Tak hanya itu, konsolidasi masyarakat sipil dan sinergi dengan kelompok lain juga penting dalam mencegah dan menangani kekacauan informasi pemilu. Koalisi Lawan Disinformasi pemilu dan Koalisi Damai berperan dalam upaya ini, termasuk melibatkan jejaring masyarakat sipil dan media di daerah. Kolaborasi ini pun juga termasuk dengan jejaring masyarakat sipil dan media di daerah, yang juga memiliki inisiatif yang sama dalam pencegahan dan penanganan kekacauan informasi pemilu.

Kemudian, koordinasi dengan pihak-pihak terkait juga diperlukan. Penanganan kekacauan informasi pemilu membutuhkan komitmen multipihak, termasuk penyelenggara pemilu, pemerintah, masyarakat sipil, media, dan platform media sosial. Forum multipihak yang dipimpin oleh penyelenggara pemilu atau pemerintah bisa menjadi wadah bagi setiap pihak untuk berbagi peran dalam pencegahan dan penanganan kekacauan informasi pemilu.
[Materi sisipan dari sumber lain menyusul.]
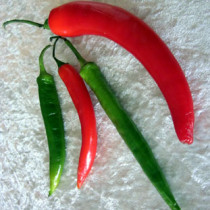 Chilis: Scharf, amromatisch, gesund - und medizinisch wertvoll. Foto: igtv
Dengan berbagai kesiapan, penguatan ketahanan pemilih terhadap kekacauan informasi pemilu juga penting. Pemilih yang berdaya dapat mengurangi kekacauan informasi. Penyebaran informasi yang komprehensif kepada pemilih tentang tahapan dan jenis pemilu perlu dilakukan. Data kepemiluan dapat dipublikasikan melalui media agar mudah diakses oleh publik. Keterbukaan data dan informasi akan meningkatkan partisipasi publik dalam pemilu dan membantu publik dalam menghadapi informasi di ruang digital dengan bijak.